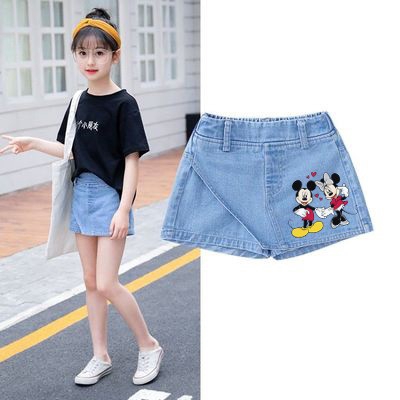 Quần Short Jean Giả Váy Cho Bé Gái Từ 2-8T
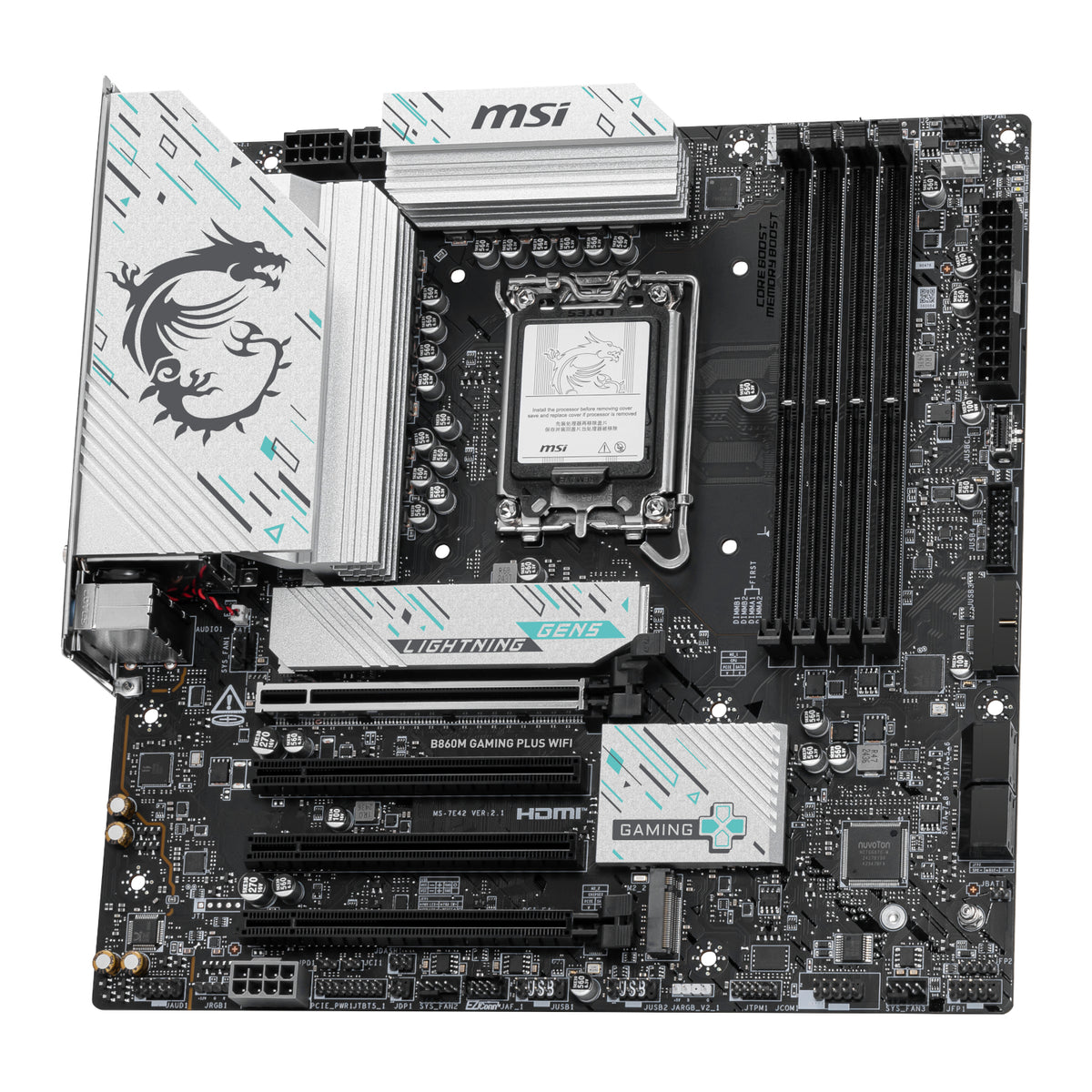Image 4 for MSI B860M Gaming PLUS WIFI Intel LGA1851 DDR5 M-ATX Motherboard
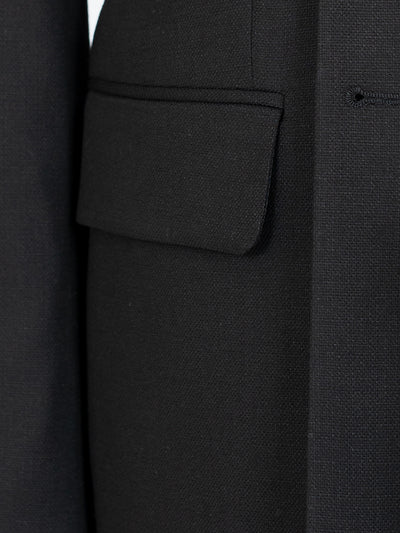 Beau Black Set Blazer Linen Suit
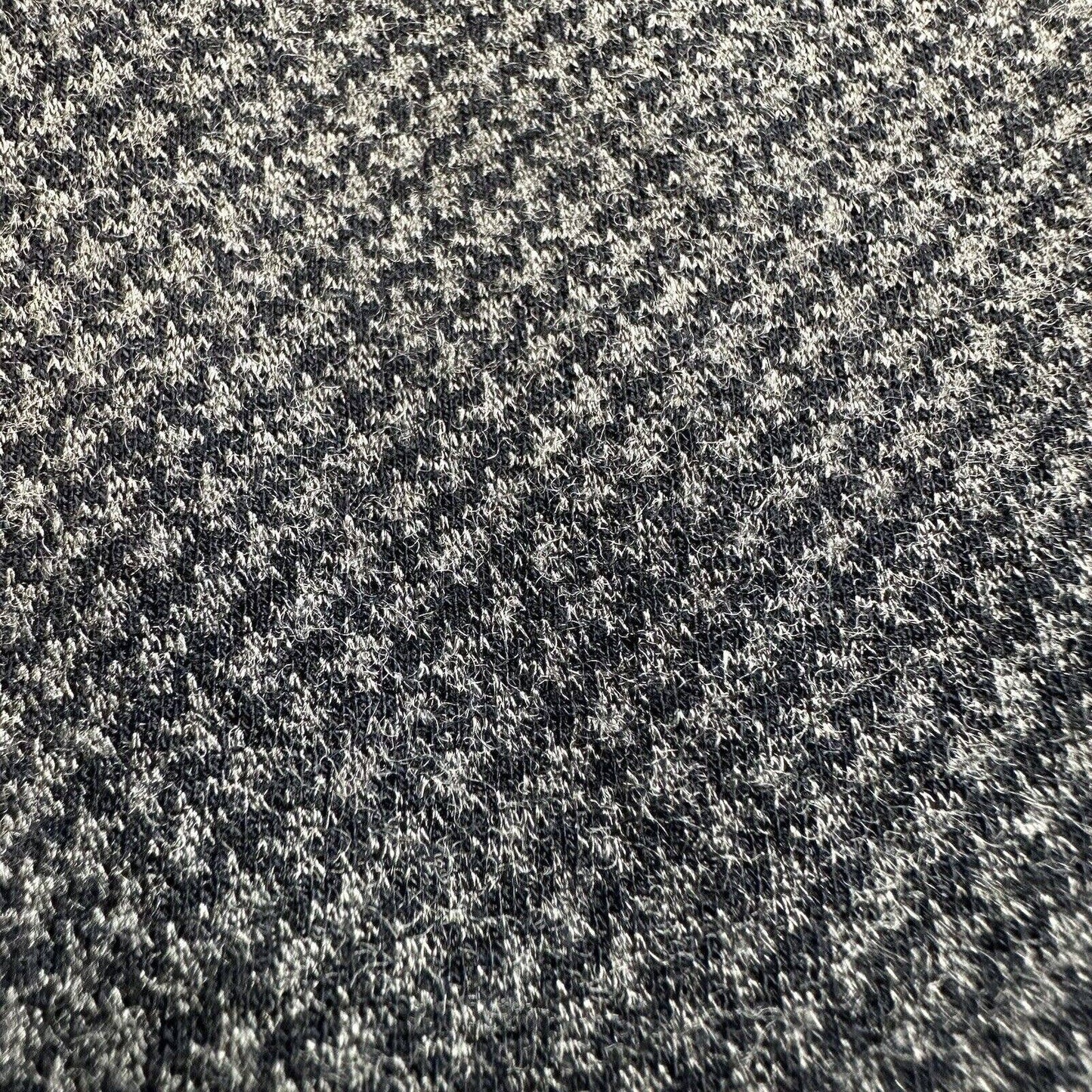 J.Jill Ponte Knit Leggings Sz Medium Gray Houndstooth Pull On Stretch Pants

| Problem details |
Every line above gets copied exactly; none of the pictures do.

| Solution for this problem |
 Quần Short Jean Giả Váy Cho Bé Gái Từ 2-8T
Image 4 for MSI B860M Gaming PLUS WIFI Intel LGA1851 DDR5 M-ATX Motherboard
 Beau Black Set Blazer Linen Suit
 J.Jill Ponte Knit Leggings Sz Medium Gray Houndstooth Pull On Stretch Pants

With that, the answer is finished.